Segmentation Filter

The segmentation filter is useful in cases where you have an existing running quantitation of your genome, but you can see spatially defined regions with consistently different quantitated values. This could be something common such as looking for copy number variation in genomic data, or could be for blocks of enrichment in ChIP, or blocks of methylation in BS-Seq.

The aim of the filter is to divide your existing probes into groups which follow a consistent level of quantitation. Furthermore, the blocks of probes can then be clustered to associate blocks which have similar mean levels of quantitation.

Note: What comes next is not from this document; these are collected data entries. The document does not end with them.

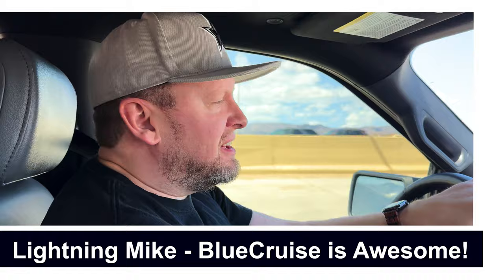I got another request to show off Blue Cruise — or Blue's Cruise, whatever you want to call it. I don't know why my daughter and I started calling it Blue's Cruise. Anyway, Blue Cruise is Ford's automated driving feature. It really just keeps you in the lane and steers for you. It's kind of cool.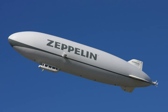For example, the aeroscraft is a buoyancy-assisted air vehicle that generates lift through a combination of aerodynamics.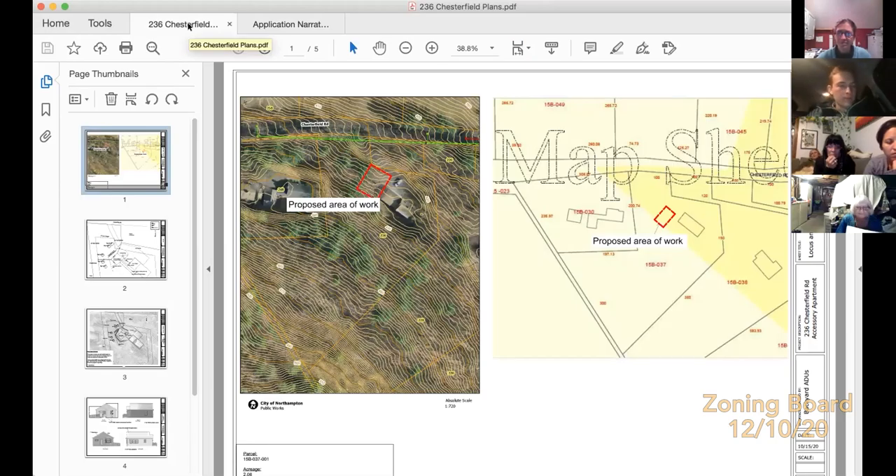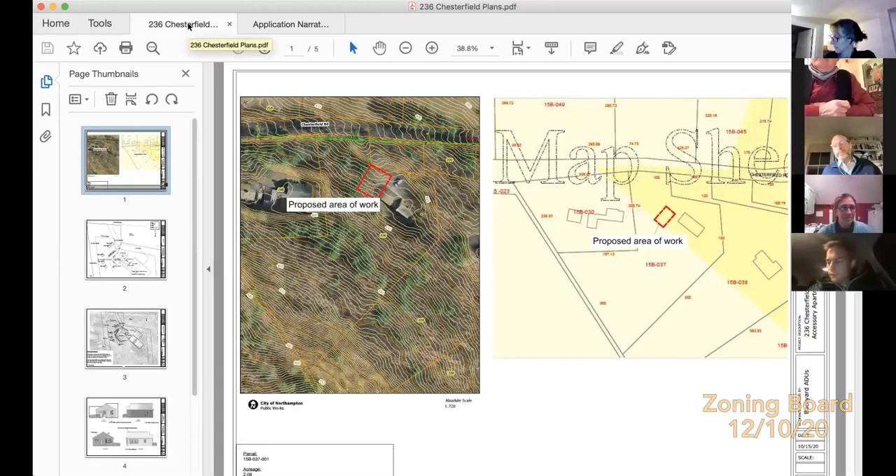The board confirms this is the final reviewing body — no further planning board review is required. A motion is made to close the public hearing; it is seconded. Carolyn conducts the roll call: Sarah Northrup — aye; Bob Riddle — aye; David Bloomberg — yes. The public hearing is closed unanimously.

The filter itself uses the fastseg BioConductor package to do the segmentation followed by a custom grouping based on mean values.

Options

  1. You must select a single data store whose data will be used to direct the segmentation
  2. You can chose an "alpha" value - this is a value between 0 and 1 and determines the propensity of the algorithm to start a new segment. Lower values will tend to produce larger segments, higher values will produce smaller segments. No segment will contain fewer than 4 probes, regardless of the alpha value
  3. You can choose whether the segments are defined relative to a change to the previous quantitation (those to the left of the current position), or by setting the global option you can add a constraint that they must also be different to the overall distribution of global values
  4. After the initial segmentation you will be shown a graph showing the mean quantitations for the segments defined. On this graph you can add, remove and move break points to say how you want the segments split into subgroups. In addition to the overall list of segments (which will always contain all probes, but with an annotated value to say which segment they fall into) you will also get a probe list for each sub-group defined by the split points set in the second window.